Начало реформы русского стихосложения

   Работа над переводом романа “Езда в остров Любви”, над оригинальной лирикой поставила перед Тредиаковским ряд филологических проблем.
   Частично он говорит о них уже в своем предисловии “К читателю”: “сия книга мирская”, посвященная изображению “сладкия любви”, потребовала нового художественного языка; отказавшись от славянизмов, Тредиаковский переводит книгу “почти самым простым русским словом, то есть каковым мы между собою говорим”. Отказ от славянизмов – решительный разрыв с современным ему литературным языком.
   Перевод Тредиаковского стал дерзким вызовом всей официальной литературной традиции. По сути дела, перевод представил обширную программу литературных преобразований.
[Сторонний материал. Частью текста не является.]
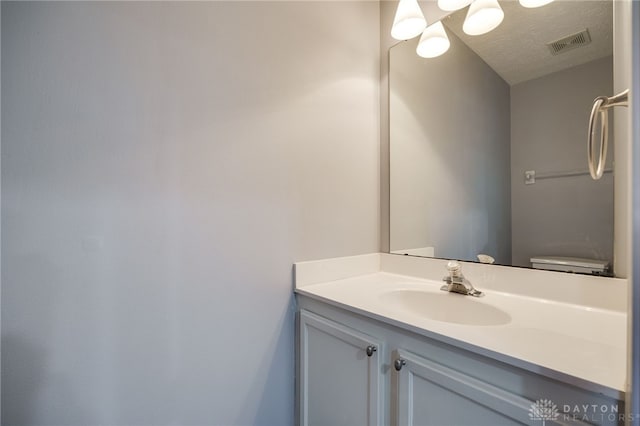 2454 Cabbage Key Dr, Miamisburg, OH 45342 - bathroom featuring visible vents, a textured ceiling, and vanity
   В 1735 году Тредиаковский выступил в Академии наук с речью о необходимости реформы стихосложения, издания курса поэтики и подготовки полного словаря русского языка, и дело здесь не просто в назревшей необходимости заменить чуждую духу русского языка стихотворную форму (силлабику, пришедшую к нам из Польши ещё в конце XVII в.) – на естественную для него (русский народно-песенный стих – тонический).